Hay indicios de que las partes contendientes comparten la misma perspectiva sobre lo que está a punto de ocurrir en Ucrania. De un lado, Rusia no contaría con los medios para continuar indefinidamente su ofensiva, y comenzaría a concentrarse en defender el territorio capturado. El primer indicio de ello es que el avance de sus fuerzas hacia el oeste es cada vez más lento porque se basa en la superioridad en potencia de fuego de su artillería, precisamente porque ya no cuenta con los medios necesarios para lanzar grandes ataques mecanizados (por ejemplo, según fuentes de inteligencia occidentales, Rusia había perdido hasta mediados de mayo cuando menos 761 tanques, por lo cual ha comenzado a emplazar en Ucrania tanques de la era soviética). Un segundo indicio es que, en diversas áreas, las fuerzas rusas están asumiendo posiciones defensivas. Por ejemplo, al destruir los puentes que conectan Severodonetsk (ciudad en la que se concentran hoy los combates), y Lysychansk. Es decir, esos puentes ya no están disponibles para ulteriores ofensivas rusas, pero tampoco para un eventual contraataque ucraniano. Y en ciudades como Jersón, las tropas rusas están cavando trincheras.
De otro lado, si bien Ucrania también ha padecido grandes bajas, sus arsenales militares siguen siendo reabastecidos por los países de la OTAN. Y aunque esos envíos no podrían igualar la potencia de fuego de la artillería rusa, buscan compensar esa ventaja dotando a Ucrania con armamento de mayor sofisticación tecnológica. Por una parte, drones y sistemas de radares que le permitan localizar la artillería rusa. De otro, sistemas autopropulsados de artillería que, con la información brindada por drones y radares, pueden ubicar la artillería rusa, disparar contra ella y desplazarse para evitar ser ubicados, todo en un par de minutos. Y pueden hacerlo con mayor alcance y precisión que buena parte de la artillería rusa.

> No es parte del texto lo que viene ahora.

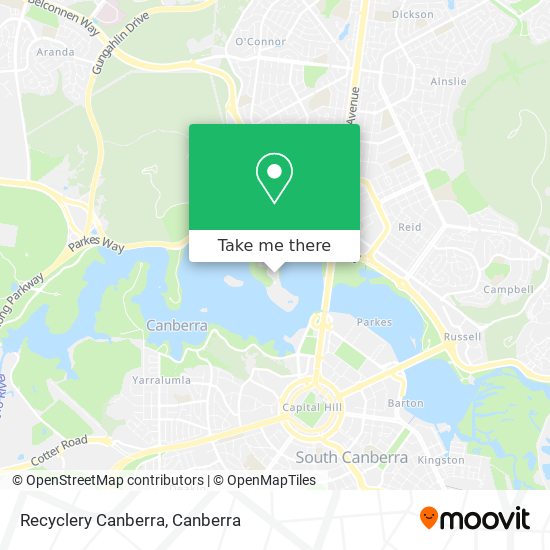 Mapa Recyclery Canberra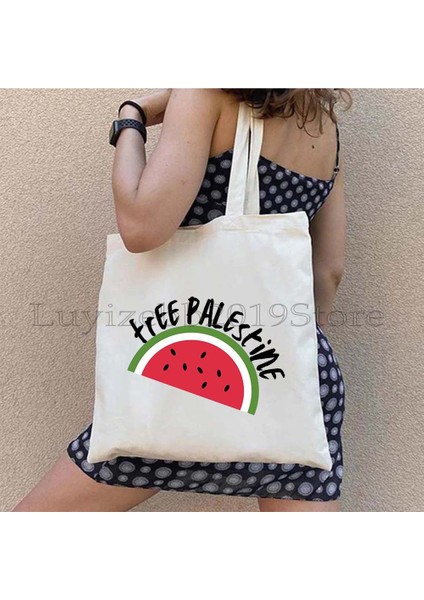 Couples1 Bu Bir Karpuz Değil Kanvas Tote Çanta Büyük Kapasiteli Seyahat Alışveriş Süpermarket Çantası Moda Basit Omuz Çantası Organizatör (Yurt Dışından)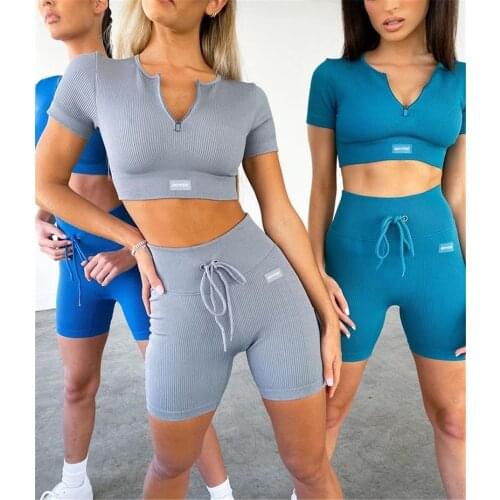 New Seamless Knitted Sexy Sports T-Shirt Trousers Shortsyoga Clothes Fitness Pants Suit Combinaison Femme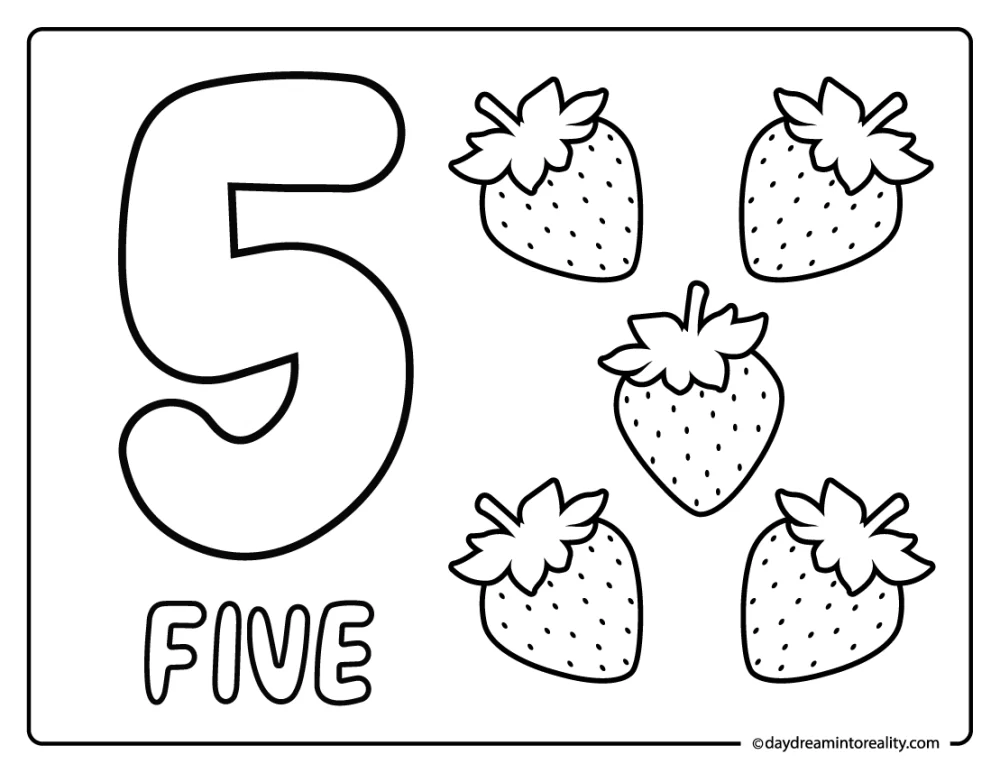 Count and color number five worksheet with strawberries.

Es decir, ambas partes esperarían que, en poco tiempo, se produzca un contraataque ucraniano. La última pieza de información que faltaría para saber cuál podría ser el desenlace de la guerra consistiría en saber cuán exitoso será ese contraataque. Una posibilidad es que sólo consiga prolongar indefinidamente una guerra de desgaste, sin producir un claro vencedor: aunque podría durar semanas o meses, ese escenario eventualmente conduciría a la mesa de negociaciones. La segunda posibilidad la previó el propio Putin cuando, tras un mes de calma relativa, el 6 de junio bombardeó Kiev mientras advertía que el envío a Ucrania de artillería de largo alcance llevaría a que su gobierno ataque “objetivos que no hemos atacado hasta ahora”. Es decir, si esos envíos comenzasen a cambiar el curso de la guerra en favor de Ucrania, la advertencia nos recuerda que sólo una de las partes tiene la capacidad de escalar el conflicto para destruir las ciudades e infraestructura económica de la otra.